Alex Philippidis Senior News Editor Genetic Engineering & Biotechnology News

More House, Senate Republicans among the biggest winners of campaign cash from the industry

The Congressional election cycle that ended earlier this month was good to Republicans beyond the obvious reasons of extending their majority in the U.S. House of Representatives and capturing a majority of the U.S. Senate.

The cycle also saw a wider GOP majority when it comes to Congressional recipients of campaign cash from the pharma industry—14 Republicans and six Democrats in 2013-14, compared with a more balanced 11 Republicans and nine Democrats in the 2011-12 cycle.

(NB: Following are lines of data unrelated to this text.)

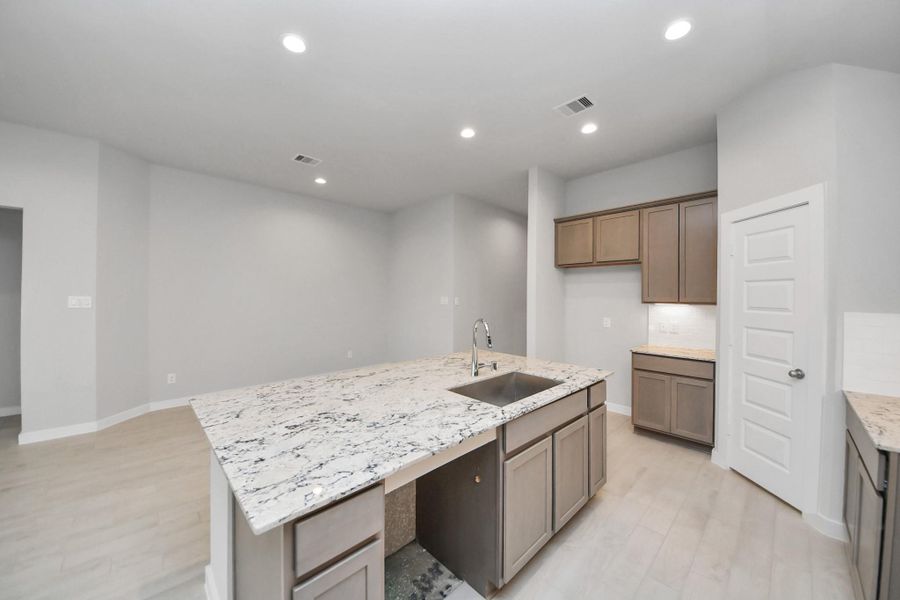 This generously spacious kitchen is a dream realized! Sample photo of completed home with similar floor plan. Actual colors and selections may vary.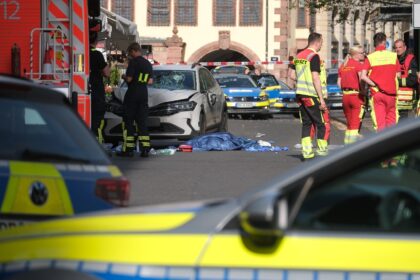Members of the emergency services work at the scene where several people were injured duri
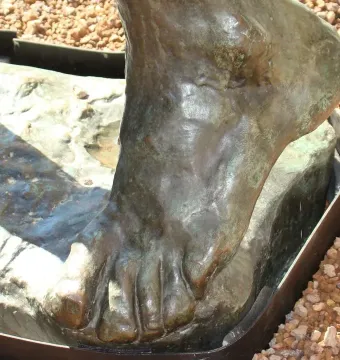 Close-up of the bronze foot detail of Jean de Fiennes, with textured patina and a rough base.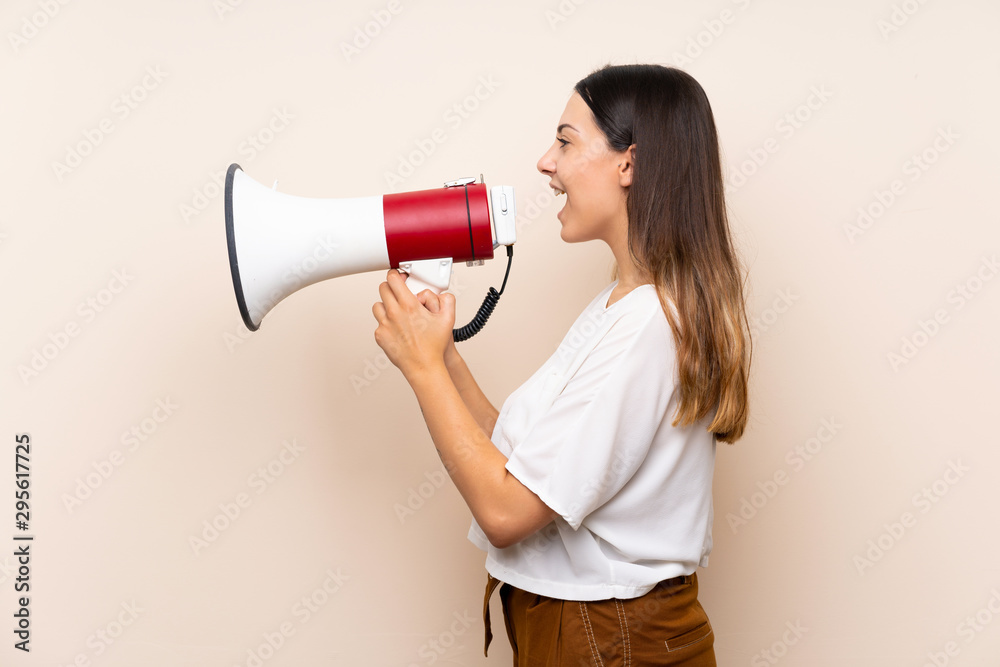 Young brunette woman over isolated background shouting through a megaphone Young brunette woman over isolated background shouting through a megaphone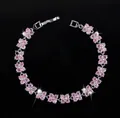 Detailed view of silver-toned flower bracelet with pink zircon petals on a black backdrop - 17.6cm / Pink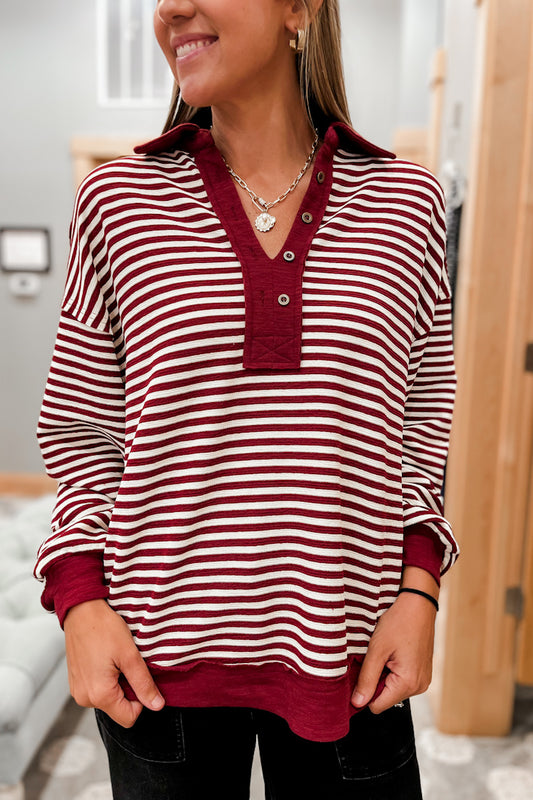 Person wearing a red and white striped shirt with collar and buttons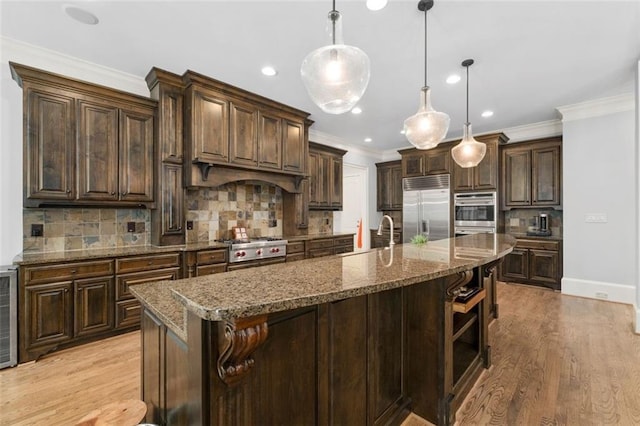 kitchen featuring appliances with stainless steel finishes, tasteful backsplash, ornamental molding, dark brown cabinetry, and dark stone countertops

Reasons for the GOP surge range from stauncher support for industry stances on issues, to the departure from Congress of several industry-friendly Democrats, to the overall midterm election success enjoyed by Republicans in campaigning against an increasingly unpopular Democratic president in Barack Obama.

Another, less obvious reason: The embrace by big pharma of numerous representatives with key committee or caucus positions, most of them Republican. For example, the House Energy and Commerce Committee has seven members on this List, led by committee Chair Rep. Fred Upton (R-MI), while Ways & Means has four members, three who also sit on its  subcommittee on health.

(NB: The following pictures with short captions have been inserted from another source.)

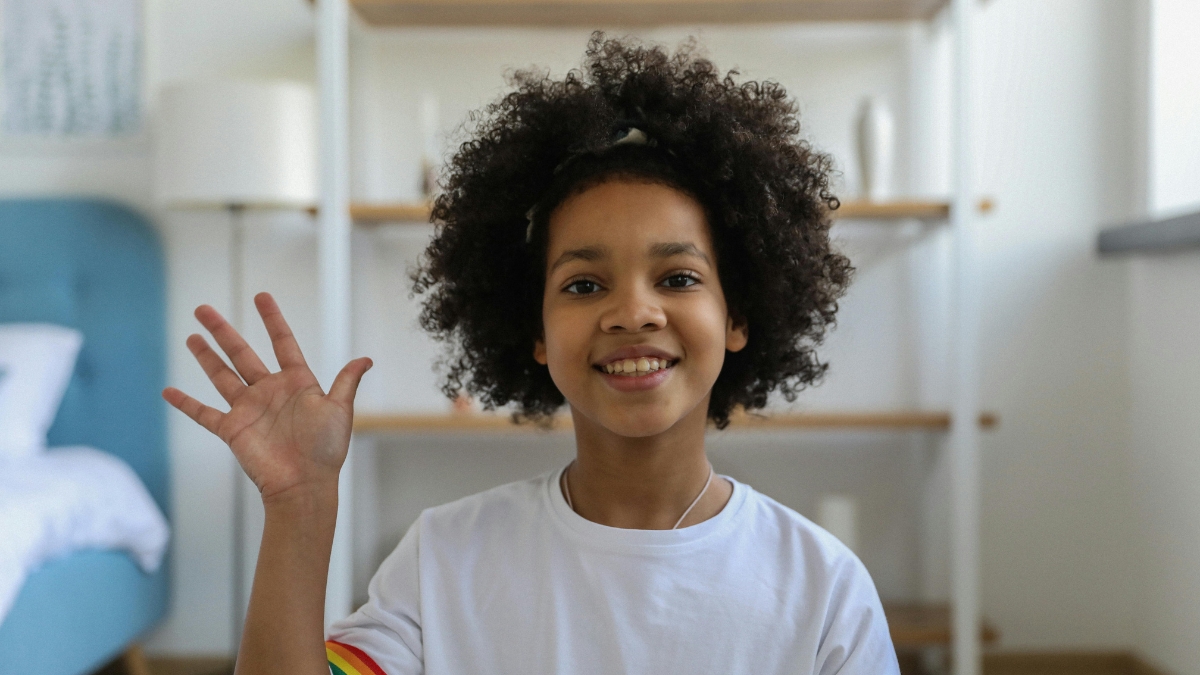 girl waving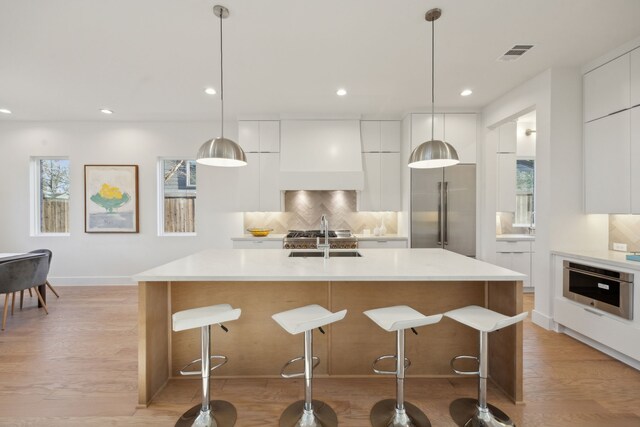 kitchen with hanging light fixtures, a large island, white cabinets, sink, and stainless steel appliances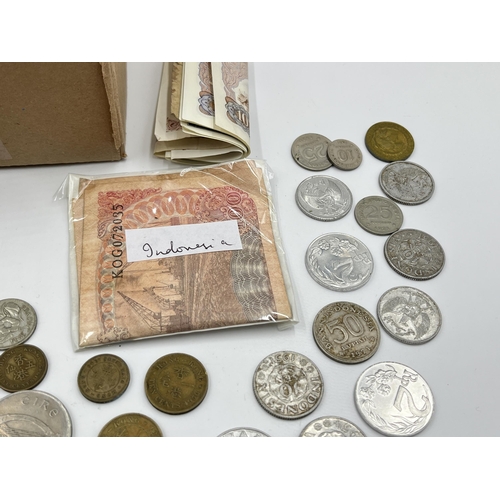 2212 - A collection of world banknotes and coins to include 50% silver 1963 Australian sixpence etc.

This year’s Top 20 Pharma-Friendly Congress Members includes only six lawmakers who appeared on GEN’s 2012 edition of this List. The six consist of five Republicans and one Democrat. Of the 14 lawmakers appearing on this List who did not make the 2012 edition, 10 are Republicans (seven in the House, three in the Senate), while the other four are Democrats (three in the House, one in the Senate).

Two lawmakers appearing this year were ousted by voters—Rep. Eric Cantor (R-VA), who resigned in August after losing a primary to his eventual successor; and Sen. Kay R. Hagan (D-NC), who lost narrowly on Election Day.

Below is a list of the 20 members of Congress (both Senate and House of Representatives) that have received the most in campaign contributions from pharmaceutical companies during the 2013–2014 election cycle, as recorded by the Center for Responsive Politics ( based on data from the Federal Election Commission released on Oct. 25. Figures reflect contributions from both political action committees (PACs) and individuals giving $200 or more.

#20. Rep. Eric Cantor (R-VA) (1)

Total contributions: $156,098

#19. Rep. John Shimkus (R-IL)

Total contributions: $160,600

#18. Rep. Brett Guthrie (R-KY)

Total contributions: $167,082

#17. Rep. Frank Pallone Jr. (D-NJ)

Total contributions: $167,572

#16. Sen. John Cornyn (R-TX)

Total contributions: $173,900

#15. Rep. Peter Roskam (R-IL)

Total contributions: $175,275

#14. Rep. Marsha Blackburn (R-TN)

Total contributions: $175,750

#13. Rep. Joe Pitts (R-PA)

Total contributions: $187,500

#12. Rep. Ron Kind (D-WI)

Total contributions: $194,400

#11. Sen. Kay R. Hagan (D-NC) (2)

Total contributions: $201,188

#10. Rep. Anna Eshoo (D-CA)

Total contributions: $203,109

#9. Rep. Paul Ryan (R-WI)

Total contributions: $213,727

#8. Sen. Lamar Alexander (R-TN)

Total contributions: $218,850

#7. Sen. Cory Booker (D-NJ)

Total contributions: $234,050

#6. Rep. Erik Paulsen (R-MN)

Total contributions: $234,199

#5. Rep. Kevin McCarthy (R-CA)

Total contributions: $238,600

#4. Rep. John Boehner (R-OH)

Total contributions: $247,000

#3. Sen. Ed Markey (D-MA)

Total contributions: $273,050

#2. Sen. Mitch McConnell (R-KY)

Total contributions: $303,023

#1. Rep. Fred Upton (R-MI)

Total contributions: $310,200

1 Resigned from the U.S. House of Representatives on Aug. 18, following his defeat in a party primary to Dave Brat, Ph.D., who now represents Virginia’s 7th District.
2 Defeated in Nov. 4 general election by Republican Thom Tillis, who will hold the office when the 114th Congress convenes in January 2015.